Solomon, speaking from his "under the sun" perspective, is stating a plain fact: the dead do not participate in the affairs of this world. Their love, their hate, their envy have perished. They no longer have a share in anything done under the sun (Eccl. 9:6). This is why a living dog is better than a dead lion. While there is life, there is opportunity. After death, that particular window of opportunity closes.
For the Christian, this reality is not a cause for despair but for urgency. We know, with a fuller revelation than Solomon had, that to be absent from the body is to be present with the Lord. But we also know that this life is the proving ground. This is where we are to occupy until He comes. This is where we build for His kingdom. The works we do here have eternal consequences. We will be judged according to our deeds, not for our salvation, but for our reward. This life is the time to store up treasures in heaven.

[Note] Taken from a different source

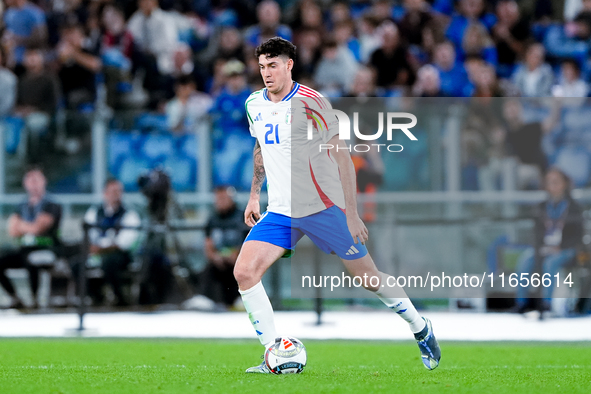 Alessandro Bastoni of Italy during the UEFA Nations League 2024/25 League A Group A2 match between Italy and Belgium at Stadio Olimpico on O...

Conclusion: Live Before You Die
This verse is not a license for workaholism. In the immediate context, Solomon tells us to enjoy life with the wife of our youth, to eat our bread with joy, and drink our wine with a merry heart (Eccl. 9:7-9). The command to work with all our might is part of that joyful life, not a contradiction of it. Meaningful, diligent work is one of God's great gifts. It is one of the primary ways we enjoy the world He has made.
The unbeliever hears "you are going to die" and concludes, "therefore, nothing matters." The Preacher says, "you are going to die," and concludes, "therefore, everything you do right now matters immensely." This is the great reversal. The grave is not the end of the story, but it is the end of this chapter. And how we write this chapter has eternal significance.

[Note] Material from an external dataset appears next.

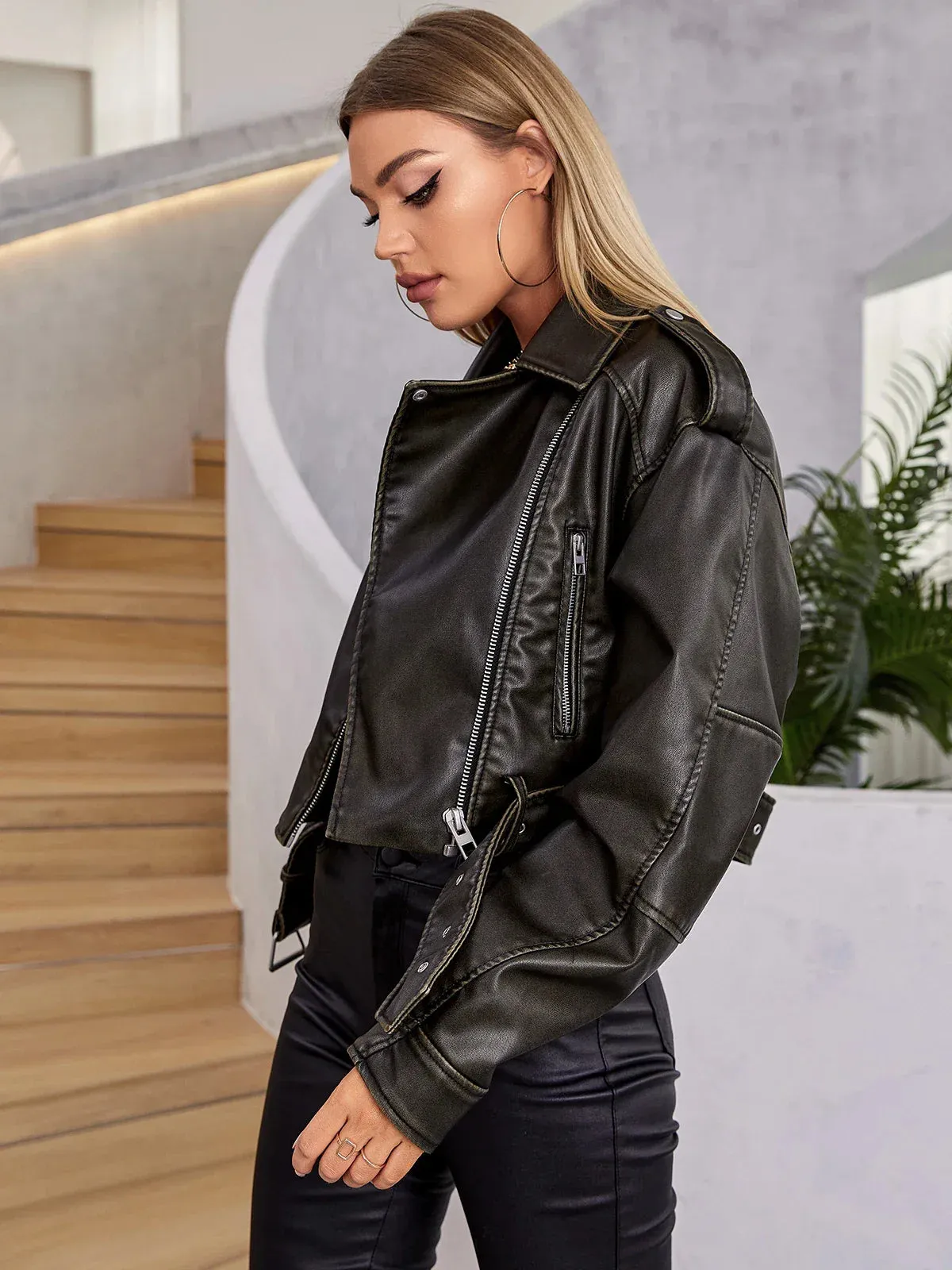 Edge Faux Leather Biker Jacket for Mild Winter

The ultimate reason we can work with all our might, and with joy, is because of the one who went to Sheol and did not stay there. Jesus Christ descended into Hades. He went there to proclaim His victory and to lead captivity captive. He did not see corruption, and on the third day, He rose again, emptying the "Abraham's bosom" side of Sheol and transferring paradise to heaven. Because He defeated the grave, our labor in the Lord is not in vain (1 Cor. 15:58).
So, look at what is in front of you. Look at the tasks God has given you, whether great or small. Do not despise them. Do not procrastinate. Your time is short. The grave is silent. Therefore, live. Live with vigor. Live with diligence. Live with joy. Whatever your hand finds to do, do it with all your might, for the glory of the God who gives you both the work and the strength to do it.